- EXERCISE DESCRIPTION: Treat the line containing "PE Artificial Flower" as the last one, and return every line exactly from the first line of the material below up to it.

————

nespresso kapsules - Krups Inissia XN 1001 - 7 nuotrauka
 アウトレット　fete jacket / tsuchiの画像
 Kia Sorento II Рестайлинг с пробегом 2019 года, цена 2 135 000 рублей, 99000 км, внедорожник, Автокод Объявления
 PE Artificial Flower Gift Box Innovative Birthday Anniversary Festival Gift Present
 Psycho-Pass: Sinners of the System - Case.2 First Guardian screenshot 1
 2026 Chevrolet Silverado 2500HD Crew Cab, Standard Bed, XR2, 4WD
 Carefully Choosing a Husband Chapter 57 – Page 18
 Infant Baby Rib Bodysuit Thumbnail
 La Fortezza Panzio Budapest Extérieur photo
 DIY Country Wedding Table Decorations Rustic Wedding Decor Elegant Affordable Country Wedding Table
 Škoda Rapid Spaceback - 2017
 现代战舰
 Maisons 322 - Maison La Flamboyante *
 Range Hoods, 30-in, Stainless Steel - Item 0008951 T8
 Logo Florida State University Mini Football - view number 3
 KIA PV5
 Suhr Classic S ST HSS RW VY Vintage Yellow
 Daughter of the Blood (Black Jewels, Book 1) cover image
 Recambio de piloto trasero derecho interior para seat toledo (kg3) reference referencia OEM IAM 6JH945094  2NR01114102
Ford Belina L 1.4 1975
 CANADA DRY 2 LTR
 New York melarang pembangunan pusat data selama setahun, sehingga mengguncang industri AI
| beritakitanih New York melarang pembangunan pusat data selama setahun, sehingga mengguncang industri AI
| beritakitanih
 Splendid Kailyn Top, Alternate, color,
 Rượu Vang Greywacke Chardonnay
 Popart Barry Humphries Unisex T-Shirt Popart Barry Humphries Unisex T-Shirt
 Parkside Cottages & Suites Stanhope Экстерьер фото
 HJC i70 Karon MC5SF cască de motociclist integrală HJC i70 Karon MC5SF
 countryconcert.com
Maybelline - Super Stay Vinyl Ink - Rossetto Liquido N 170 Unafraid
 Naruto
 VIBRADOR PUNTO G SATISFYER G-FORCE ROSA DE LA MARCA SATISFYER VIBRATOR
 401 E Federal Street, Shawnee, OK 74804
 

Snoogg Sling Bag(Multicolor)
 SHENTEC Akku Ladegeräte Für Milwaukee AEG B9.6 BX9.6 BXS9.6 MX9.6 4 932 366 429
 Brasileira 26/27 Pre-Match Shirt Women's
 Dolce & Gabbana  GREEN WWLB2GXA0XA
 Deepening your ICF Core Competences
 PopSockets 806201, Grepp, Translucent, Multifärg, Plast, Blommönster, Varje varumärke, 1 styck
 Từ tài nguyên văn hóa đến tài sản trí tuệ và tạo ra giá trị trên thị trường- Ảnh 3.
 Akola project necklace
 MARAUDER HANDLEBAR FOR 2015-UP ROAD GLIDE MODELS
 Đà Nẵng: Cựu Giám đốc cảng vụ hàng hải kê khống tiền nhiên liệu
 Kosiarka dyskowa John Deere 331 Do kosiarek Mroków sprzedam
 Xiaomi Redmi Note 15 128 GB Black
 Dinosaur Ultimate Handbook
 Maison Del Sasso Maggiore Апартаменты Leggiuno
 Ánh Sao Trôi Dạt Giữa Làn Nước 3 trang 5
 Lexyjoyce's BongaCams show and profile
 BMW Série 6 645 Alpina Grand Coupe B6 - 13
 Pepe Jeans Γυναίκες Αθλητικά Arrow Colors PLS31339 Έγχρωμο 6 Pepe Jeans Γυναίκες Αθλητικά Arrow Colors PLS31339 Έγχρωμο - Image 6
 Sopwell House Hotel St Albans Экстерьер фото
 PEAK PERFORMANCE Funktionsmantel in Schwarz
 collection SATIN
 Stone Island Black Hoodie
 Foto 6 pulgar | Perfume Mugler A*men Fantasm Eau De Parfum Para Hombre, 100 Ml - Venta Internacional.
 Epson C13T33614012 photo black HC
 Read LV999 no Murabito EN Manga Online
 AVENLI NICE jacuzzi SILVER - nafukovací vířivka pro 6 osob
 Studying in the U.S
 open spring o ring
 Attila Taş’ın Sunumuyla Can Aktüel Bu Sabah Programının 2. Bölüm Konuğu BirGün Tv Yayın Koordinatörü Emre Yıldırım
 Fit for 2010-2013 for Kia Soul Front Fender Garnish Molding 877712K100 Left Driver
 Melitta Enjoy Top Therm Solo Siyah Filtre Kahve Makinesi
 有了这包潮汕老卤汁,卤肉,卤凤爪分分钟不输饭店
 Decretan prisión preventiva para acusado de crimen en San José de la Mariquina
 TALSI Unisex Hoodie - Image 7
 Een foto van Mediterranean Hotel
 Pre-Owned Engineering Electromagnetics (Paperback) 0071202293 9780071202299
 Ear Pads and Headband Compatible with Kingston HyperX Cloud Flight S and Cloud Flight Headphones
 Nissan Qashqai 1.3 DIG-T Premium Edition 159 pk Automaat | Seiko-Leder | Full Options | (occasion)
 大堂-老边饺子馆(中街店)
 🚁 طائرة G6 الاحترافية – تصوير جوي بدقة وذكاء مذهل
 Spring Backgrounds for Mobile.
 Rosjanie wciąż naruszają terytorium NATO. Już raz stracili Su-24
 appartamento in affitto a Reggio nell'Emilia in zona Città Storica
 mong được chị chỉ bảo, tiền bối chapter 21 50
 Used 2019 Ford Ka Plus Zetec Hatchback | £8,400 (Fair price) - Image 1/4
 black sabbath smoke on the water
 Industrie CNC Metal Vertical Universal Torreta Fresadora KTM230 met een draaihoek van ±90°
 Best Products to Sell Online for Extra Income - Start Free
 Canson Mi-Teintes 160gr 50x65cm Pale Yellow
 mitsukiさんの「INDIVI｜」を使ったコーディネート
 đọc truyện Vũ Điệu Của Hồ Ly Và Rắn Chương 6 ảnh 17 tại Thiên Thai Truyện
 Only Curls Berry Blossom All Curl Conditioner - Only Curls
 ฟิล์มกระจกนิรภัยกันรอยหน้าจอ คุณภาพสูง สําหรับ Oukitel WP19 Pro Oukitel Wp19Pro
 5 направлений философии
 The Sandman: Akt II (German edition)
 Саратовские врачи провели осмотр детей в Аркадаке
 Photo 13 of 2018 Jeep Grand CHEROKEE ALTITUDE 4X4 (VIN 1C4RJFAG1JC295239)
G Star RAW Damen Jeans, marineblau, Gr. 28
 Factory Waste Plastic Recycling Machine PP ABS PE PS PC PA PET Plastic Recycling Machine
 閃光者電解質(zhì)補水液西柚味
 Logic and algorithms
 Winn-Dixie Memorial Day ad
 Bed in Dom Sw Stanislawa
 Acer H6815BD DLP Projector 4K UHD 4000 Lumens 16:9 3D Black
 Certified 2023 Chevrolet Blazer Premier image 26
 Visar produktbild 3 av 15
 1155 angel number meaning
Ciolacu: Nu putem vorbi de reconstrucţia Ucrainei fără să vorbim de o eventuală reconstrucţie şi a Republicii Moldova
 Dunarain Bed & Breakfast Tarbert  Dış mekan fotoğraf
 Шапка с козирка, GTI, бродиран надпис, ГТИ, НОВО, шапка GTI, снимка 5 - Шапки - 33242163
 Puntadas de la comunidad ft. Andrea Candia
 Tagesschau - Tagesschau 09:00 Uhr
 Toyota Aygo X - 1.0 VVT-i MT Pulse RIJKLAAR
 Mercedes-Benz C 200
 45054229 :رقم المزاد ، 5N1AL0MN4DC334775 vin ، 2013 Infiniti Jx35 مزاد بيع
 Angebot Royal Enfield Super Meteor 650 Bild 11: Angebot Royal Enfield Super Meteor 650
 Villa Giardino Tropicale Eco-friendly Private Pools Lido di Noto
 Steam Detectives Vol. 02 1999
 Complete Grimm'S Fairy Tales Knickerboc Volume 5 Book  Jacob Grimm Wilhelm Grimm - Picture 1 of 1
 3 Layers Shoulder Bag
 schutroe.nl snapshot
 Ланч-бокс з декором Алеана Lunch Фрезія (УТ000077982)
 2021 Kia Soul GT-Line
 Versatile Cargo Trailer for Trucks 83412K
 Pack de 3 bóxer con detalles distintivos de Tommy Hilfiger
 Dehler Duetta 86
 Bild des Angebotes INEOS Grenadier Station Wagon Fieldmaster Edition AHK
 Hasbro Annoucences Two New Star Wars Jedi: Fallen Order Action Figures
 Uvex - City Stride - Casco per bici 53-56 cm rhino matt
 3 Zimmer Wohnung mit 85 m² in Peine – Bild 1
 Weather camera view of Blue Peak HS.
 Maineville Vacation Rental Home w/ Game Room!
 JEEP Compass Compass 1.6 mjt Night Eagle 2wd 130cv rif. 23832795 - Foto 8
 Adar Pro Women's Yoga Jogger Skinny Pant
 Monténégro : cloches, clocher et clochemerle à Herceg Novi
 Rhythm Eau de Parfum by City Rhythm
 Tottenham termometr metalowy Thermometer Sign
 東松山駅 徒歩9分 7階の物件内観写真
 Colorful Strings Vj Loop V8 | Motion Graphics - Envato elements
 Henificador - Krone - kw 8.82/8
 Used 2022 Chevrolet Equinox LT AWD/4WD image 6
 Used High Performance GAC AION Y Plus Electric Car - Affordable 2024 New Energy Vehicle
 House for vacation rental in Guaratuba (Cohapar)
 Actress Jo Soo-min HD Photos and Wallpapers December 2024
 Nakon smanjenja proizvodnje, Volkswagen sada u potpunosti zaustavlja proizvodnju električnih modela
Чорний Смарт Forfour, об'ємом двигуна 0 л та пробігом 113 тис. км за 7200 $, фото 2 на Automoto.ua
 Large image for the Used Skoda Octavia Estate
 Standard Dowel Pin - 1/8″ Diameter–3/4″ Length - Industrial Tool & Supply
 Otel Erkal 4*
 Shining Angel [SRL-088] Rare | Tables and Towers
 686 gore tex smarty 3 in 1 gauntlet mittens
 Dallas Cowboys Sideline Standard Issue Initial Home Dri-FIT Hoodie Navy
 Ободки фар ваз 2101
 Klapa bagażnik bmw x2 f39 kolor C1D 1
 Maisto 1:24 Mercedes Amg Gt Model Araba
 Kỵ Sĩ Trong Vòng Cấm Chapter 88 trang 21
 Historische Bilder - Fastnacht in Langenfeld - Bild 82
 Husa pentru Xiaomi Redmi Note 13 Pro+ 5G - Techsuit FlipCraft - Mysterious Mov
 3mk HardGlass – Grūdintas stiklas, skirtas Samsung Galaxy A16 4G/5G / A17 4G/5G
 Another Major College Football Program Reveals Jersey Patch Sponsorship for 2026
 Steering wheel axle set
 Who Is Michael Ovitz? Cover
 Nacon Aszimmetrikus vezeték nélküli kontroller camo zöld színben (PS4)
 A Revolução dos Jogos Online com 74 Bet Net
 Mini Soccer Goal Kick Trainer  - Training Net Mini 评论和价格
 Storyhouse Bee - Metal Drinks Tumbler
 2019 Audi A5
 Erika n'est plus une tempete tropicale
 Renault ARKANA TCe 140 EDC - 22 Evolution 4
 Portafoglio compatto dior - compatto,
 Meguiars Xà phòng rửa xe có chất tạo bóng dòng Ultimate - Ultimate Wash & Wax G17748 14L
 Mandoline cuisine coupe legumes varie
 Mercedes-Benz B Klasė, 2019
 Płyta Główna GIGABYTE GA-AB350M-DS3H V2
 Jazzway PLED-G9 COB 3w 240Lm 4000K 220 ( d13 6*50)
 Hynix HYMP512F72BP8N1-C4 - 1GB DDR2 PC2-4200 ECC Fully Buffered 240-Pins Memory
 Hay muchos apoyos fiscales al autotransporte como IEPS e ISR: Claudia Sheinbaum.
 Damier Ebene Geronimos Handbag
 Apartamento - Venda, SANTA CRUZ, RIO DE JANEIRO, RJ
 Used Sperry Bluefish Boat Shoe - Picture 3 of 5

————

- SOLVED EXERCISE:
nespresso kapsules - Krups Inissia XN 1001 - 7 nuotrauka
 アウトレット　fete jacket / tsuchiの画像
 Kia Sorento II Рестайлинг с пробегом 2019 года, цена 2 135 000 рублей, 99000 км, внедорожник, Автокод Объявления
 PE Artificial Flower Gift Box Innovative Birthday Anniversary Festival Gift Present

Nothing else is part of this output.